2. Constitution of the United States
(Read by Ms. Roberts) We the People of the United States, in Order to form a more perfect Union, establish Justice, insure domestic Tranquility, provide for the common defense, promote the general Welfare, and secure the Blessings of Liberty to ourselves and our Posterity, do ordain and establish this Constitution for the United States of America.
(Comment by the Archivist) As I’m sure you’ve guessed from that quote, in second place is the Constitution of the United States.
69.3 percent of participants cast a vote for this four-page document that established the Government of the United States.
The Constitution was drafted in secret by delegates to the Constitutional Convention during the summer of 1787, and signed on September 17, 1787.
1. Declaration of the United States
(Read by Mr. Jackson) We hold these truths to be self-evident, that all men are created equal, that they are endowed by their Creator with certain unalienable Rights, that among these are Life, Liberty, and the pursuit of Happiness.
(Comment by the Archivist) I hope you all recognize that quotation from the document that received votes from more people than any other – The Declaration of Independence.
75.9 percent – more than three-quarters of the voters named this document as one of the most influential in American history.
The Continental Congress adopted the Declaration of Independence on July 4, 1776. It was engrossed on parchment and on August 2, 1776, the delegates began signing it.
Ladies and Gentlemen – there you have it. The ten most influential documents in the history of the United States, as selected by the people of the United States.
What is very apparent here is that we Americans hold our rights and freedoms -- and the documents that proclaim and protect them -- in very high regard, for the majority of these documents deal with individual liberties and the right to vote.

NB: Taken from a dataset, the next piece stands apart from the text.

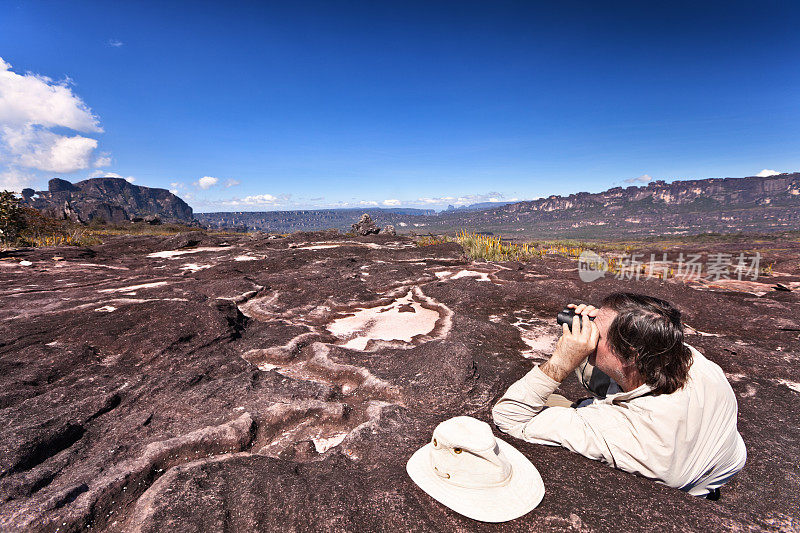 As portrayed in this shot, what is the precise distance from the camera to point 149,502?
2.04 meters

All but one of these original records are on display here today. The Declaration of Independence, Constitution, and Bill of Rights – collectively known as the Charters of Freedom – are here in the Rotunda, as is the Louisiana Purchase, and the Thirteenth Amendment.

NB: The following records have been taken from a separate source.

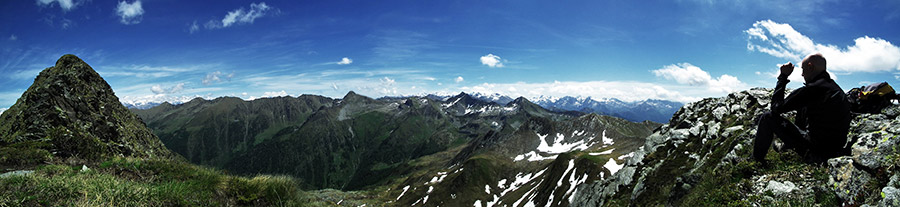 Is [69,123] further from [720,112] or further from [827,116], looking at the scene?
[720,112]

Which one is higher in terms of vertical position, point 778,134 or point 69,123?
point 69,123

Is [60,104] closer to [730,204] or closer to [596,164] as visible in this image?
[730,204]

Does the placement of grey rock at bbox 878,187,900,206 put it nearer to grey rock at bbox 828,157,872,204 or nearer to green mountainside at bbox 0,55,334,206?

The original Emancipation Proclamation will be on special exhibit for one day only on January 19th. Today we have a facsimile on display.
The other top ten documents are on display today in our special exhibition gallery, along with some of the other records that received a lot of votes – The Monroe Doctrine, the Supreme Court decision in Brown versus the Board of Education, and the 14th Amendment to the Constitution.

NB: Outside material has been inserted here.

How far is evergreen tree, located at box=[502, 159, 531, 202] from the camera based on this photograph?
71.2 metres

The Articles of Confederation and Marbury versus Madison garnered quite a few votes as well, and they are on exhibit here in the cases surrounding the Charters of Freedom.
And I am very pleased to announce that the Library of Congress has been kind enough to let us display-- today only--the original Gettysburg Address, which is part of their collection.
I am very grateful to Dr. Jim Billington, the Librarian of Congress, and to Dr. Deanna Marcum for lending us this important document.
Now, I would like to introduce to you Dr. Cathy Gorn, the Executive Director of National History Day, one of the co-sponsors of The People’s Vote.
National History Day is a non-profit organization dedicated to improving the teaching and learning of history in elementary and secondary schools so that students become better prepared, knowledgeable citizens.
The People’s Vote is actually the second phase of an initiative we started in 2002 called Our Documents, and National History Day has been a key partner in this larger project.
Please join me in welcoming Dr. Cathy Gorn.
[Read the remarks of Dr. Cathy Gorn, Executive Director of National History Day]
Thank you for joining us for this special ceremony to unveil the People’s Vote for the most influential documents in American history. I hope you will stay and view these historic records for yourself.
Before you leave, please join me in a round of applause to thank our partners
at U.S. News and World Report and National History Day, and our special guests
Cokie Roberts and Congressman Jesse Jackson, Jr.